Your output should be the lines from the one with "Building Photo - Single Story 4 Bedroom" through the last line of the records below, exactly as written, minus the pictures.

Stored items
========================
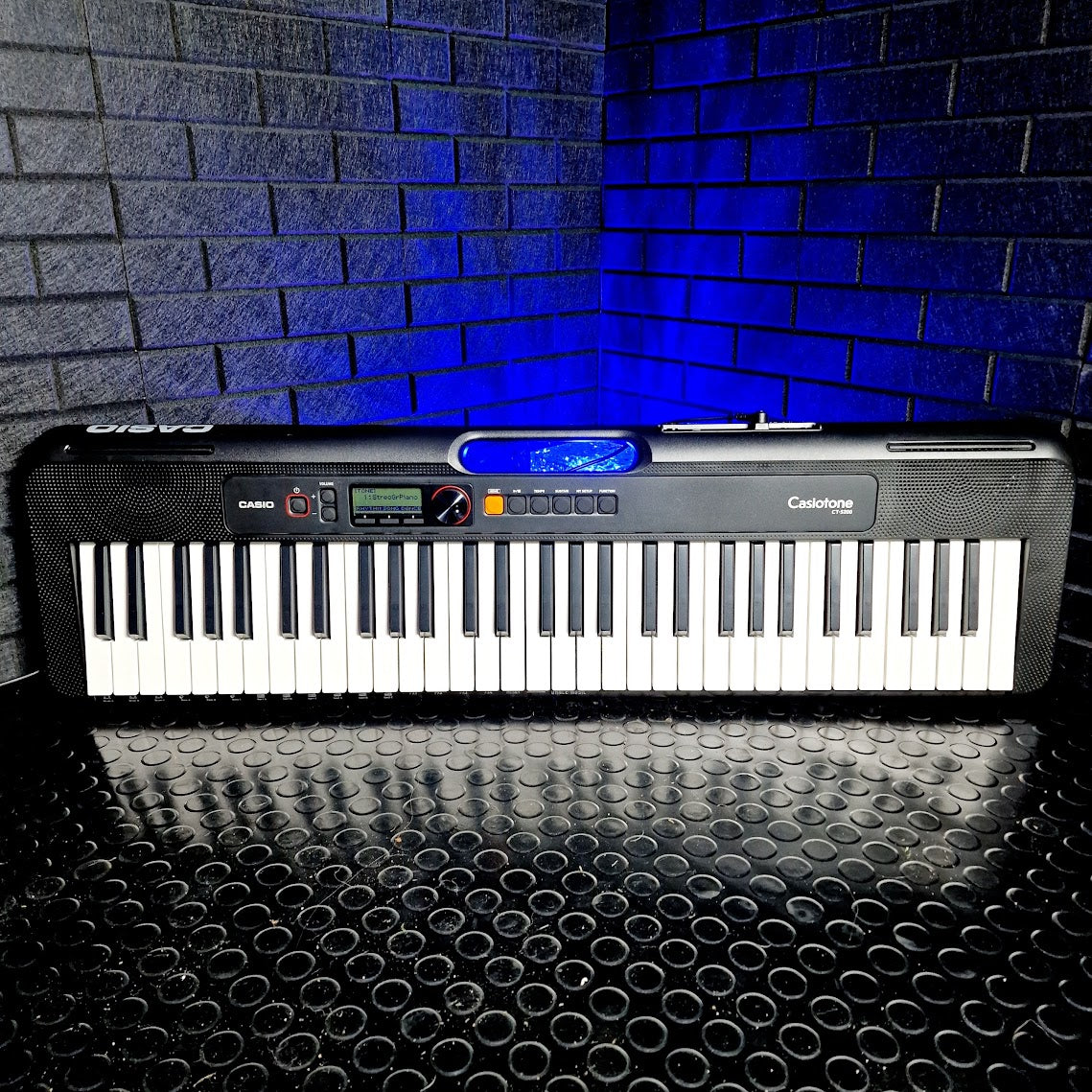 CASIOTONE CT-S200 61 KEY TOUCH SENSITIVE STARTER KEYBOARD + CASE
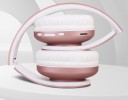 Hopfällbara Bluetooth-hörlurar över öronen med Micro SD-kortplats Mikrofon Batteritid 10 timmar 3,5 mm jack Frekvens 22 Hz till 22 kHz 6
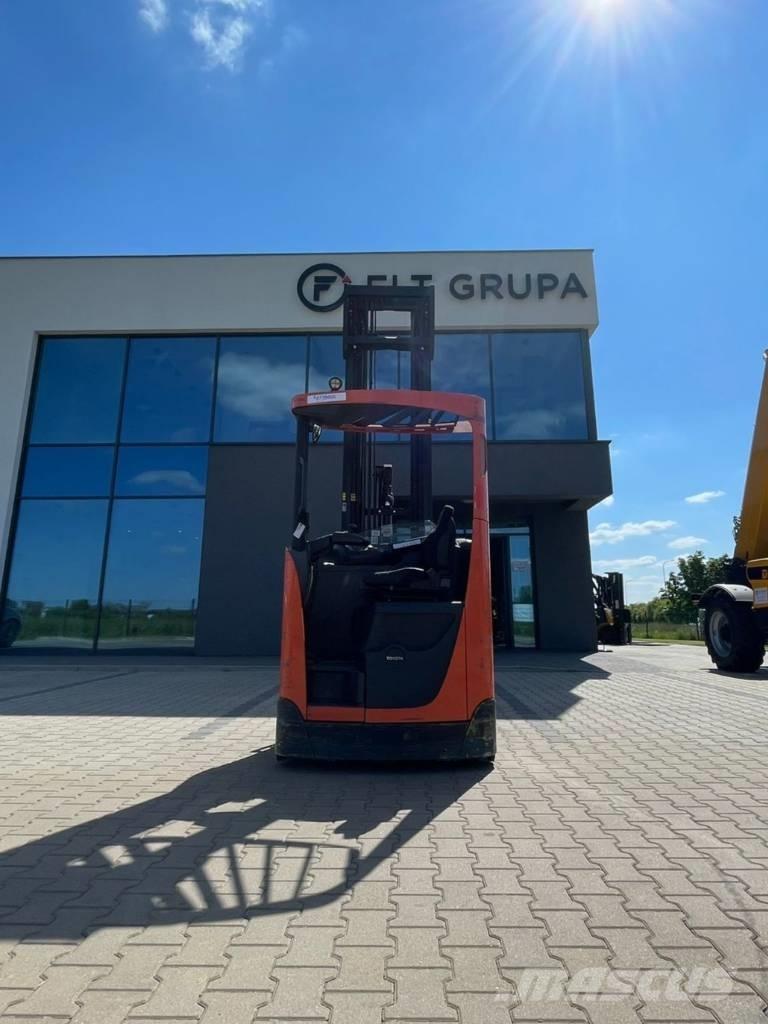 Toyota RRE160H Reachtruck voor hoog niveau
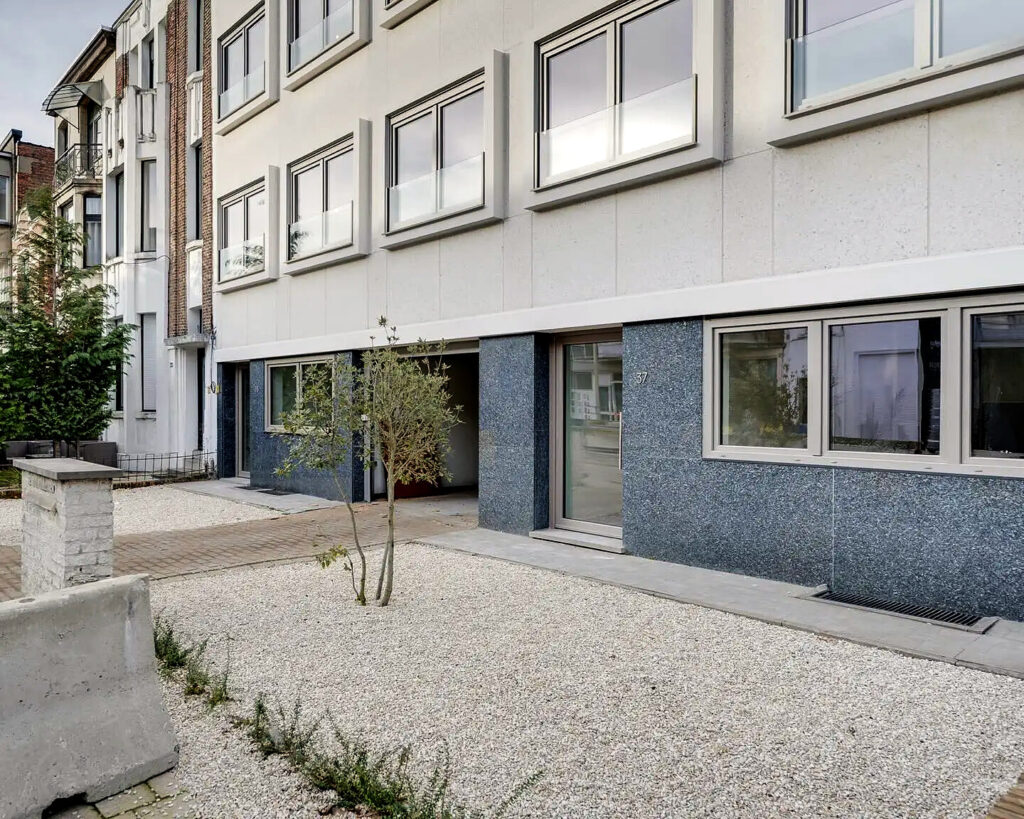 Gelijkvloers met nieuwe ramen, Borgerhout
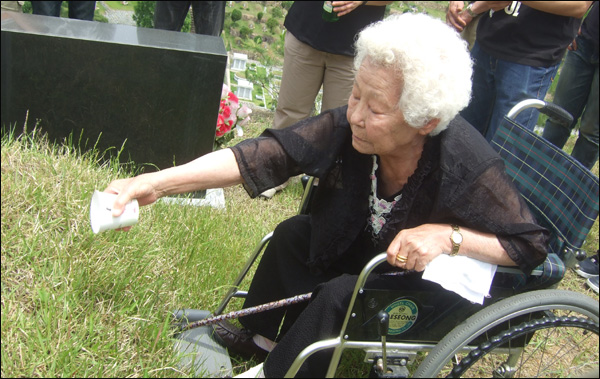 일본군 위안부 피해자 김달선(87) 할머니가 故(고) 김분순 할머니의 묘소에 술잔을 올리고 있다 (2011.06.06) / 사진. 평화뉴스 박광일 기자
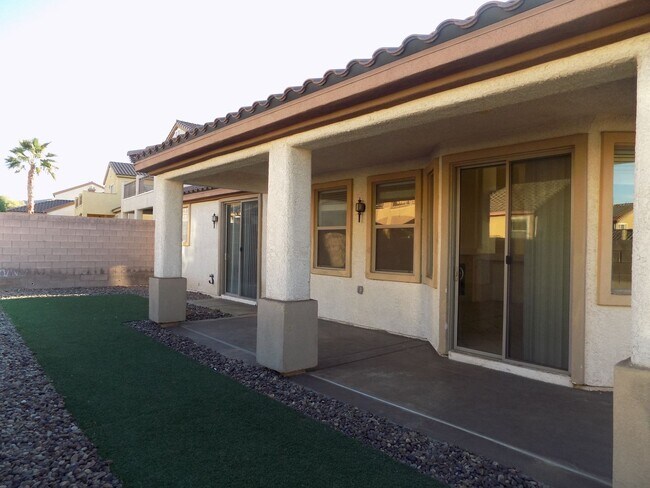 Building Photo - Single Story 4 Bedroom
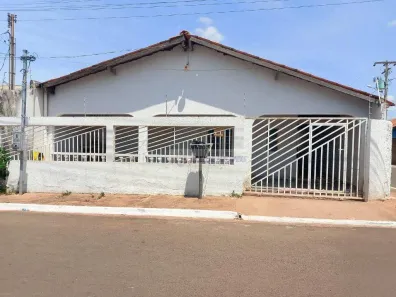 Casa com 2 Quartos à venda, 153m² no Petrópolis, Várzea Grande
========================
REPLY |
 Building Photo - Single Story 4 Bedroom
 Casa com 2 Quartos à venda, 153m² no Petrópolis, Várzea Grande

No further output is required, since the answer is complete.